アマゾン、独自の配送網 個人事業者1万人囲い込み
皆さん、こんにちは。6月22日の日経新聞に次のような記事が掲載されていました。
「インターネット通販大手のアマゾンジャパン(東京・目黒)が独自の配送網の構築に乗り出すことが分かった。注文当日に商品を届ける「当日配送サービス」を専門に手がける個人運送事業者を2020年までに首都圏で1万人確保する。ヤマト運輸が撤退する方向のため、代替策を模索していた。大手運送会社の下請けとして繁忙期に業務が集中しがちな個人事業者の活用が通年で進み、運転手不足の緩和につながる可能性がある。
アマゾンは国内で年間約3億個の荷物を発送しているとみられる。国内宅配便取扱数の1割弱を占める計算だ。アマゾンが個人事業者の活用を本格化することで、大手運送会社に偏っていたネット通販の配送業務の平準化が進みそうだ。
最大の需要地である東京都心部では、東京証券取引所1部上場で、ネットスーパーなどの配達「桃太郎便」を手がける丸和運輸機関が個人運送業者を組織化。配送の業務委託により、アマゾンの当日配送サービスを担う。東京23区内の一部でアマゾンから受託した配送業務を始めた。
丸和運輸機関は労働時間の管理を厳しくしながら安定した仕事量と売り上げを保証して、個人事業者を囲い込む。寮や燃料割引、研修制度も用意する。必要に応じて、都心でも走りやすい軽貨物自動車を貸し出し、新規参入も促す。
丸和は既に軽貨物車を数百台用意。まず17年度中に東京都心部をカバーするため1000台まで増やし、運転手も1000人規模の確保を目指す。20年度までに軽貨物車1万台、運転手1万人体制に拡充し、当日配送の受託地域を首都圏の主要都市に拡大。配送拠点も増やし、総投資額は100億円を超える見込み。丸和は自社で負担する。

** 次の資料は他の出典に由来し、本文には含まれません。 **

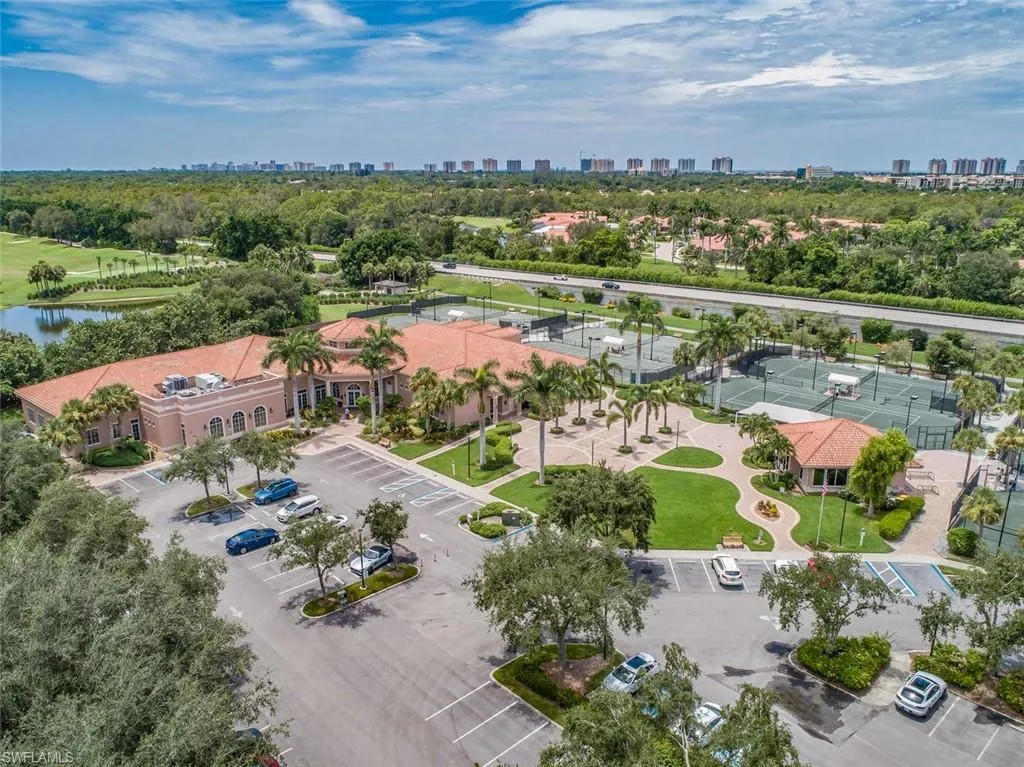 2272 Island Cove CIR, Naples, FL 34109,225028986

厚生労働省によると、トラック運転手を含む「貨物自動車運転手」の有効求人倍率は16年度で2.01倍。職業別の全体平均の1.25倍を大きく上回り、人手不足が続く。重労働の割に低賃金であることが理由だ。
個人事業者が多くを占める軽貨物自動車での運送事業は、国への届け出制で1台から営業でき、16年3月時点の事業者数は15万4842社。仕事の多くが中堅・大手の運送会社からの下請け業務だが、年末などの繁忙期に集中しがちだった。

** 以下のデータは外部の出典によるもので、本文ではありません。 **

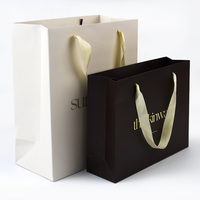 Sacs shopping personnalisés en papier mat blanc et noir avec logo doré pour emballage de cadeaux et vêtements, faible MOQ, OEM, vente en gros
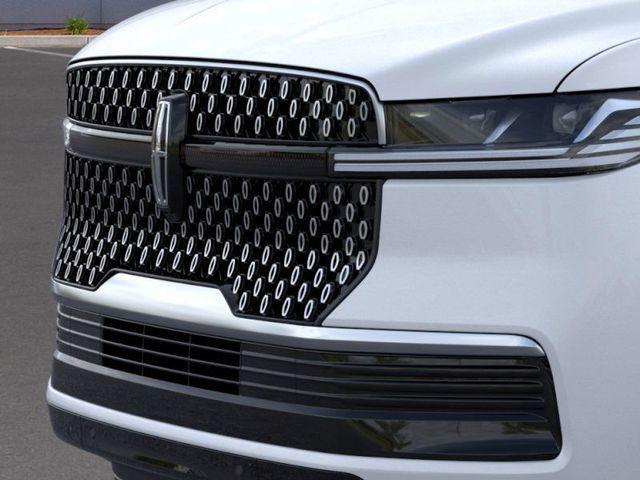 new 2025 Lincoln Navigator car, priced at $106,625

アマゾンは全国に10以上の配送拠点を持ち、離島を除く全国の都市部などで当日配送を提供してきた。配送はヤマトや日本郵便などが担ってきたが、最大の委託先であるヤマトが撤退を視野に取り扱いを縮小。時間帯指定配送でもアマゾンは都内など一部で「正午~午後2時」の取りやめを余儀なくされている。
ネット通販ではヤマトへの依存度が高い企業を中心に配送時間の変更が相次ぐ。ネット通販大手のアスクルは20日から配送時間の指定をヤマトの変更に合わせた。衣料品通販「ゾゾタウン」を運営するスタートトゥディも同様の対応を取った。
アスクルは個人向けネット通販サービスで自社配送を大幅に増やす方針とするなど、配送網の維持を模索している。」
今回の記事を読むと、今までのネット通販業界のヤマトへの依存度が非常に高いことがわかりました。
私自身、あまり当日配送のサービスを使ったことがないせいか、当日配送自体の必要性を感じないのですが、この記事を読む限り、世の中の当日配送の需要は相当あるようですね(笑)
アマゾンさんが本格的に個人事業者の活用をすることによって新たな需要が生まれ、運送業界の活性化に繋がれば非常に喜ばしいことではあります。
しかし、ヤマト運輸との間で起きたような問題がここでも起きないという保証はありません。
上記でも述べられていますが、当然サービスの質の低下が起きないように「労働時間の管理を厳しくしながら安定した仕事量と売り上げを保証して、個人事業者を囲い込む。寮や燃料割引、研修制度も用意する。必要に応じて、都心でも走りやすい軽貨物自動車を貸し出し、新規参入も促す。」としていますが、ドライバーへの待遇を良くすれば、コストが上がるし、待遇を下げればサービスの質が下がります。
当たり前のようなことですが、そこのバランスが非常に重要になってくると思います。
また、今後のネット通販業界と物流業界の関係性が非常に楽しみですね。
この二つの業界は切っても切れない関係性で結ばれていますので、両者共にウィンウィンの関係性であり続けてほしいものです。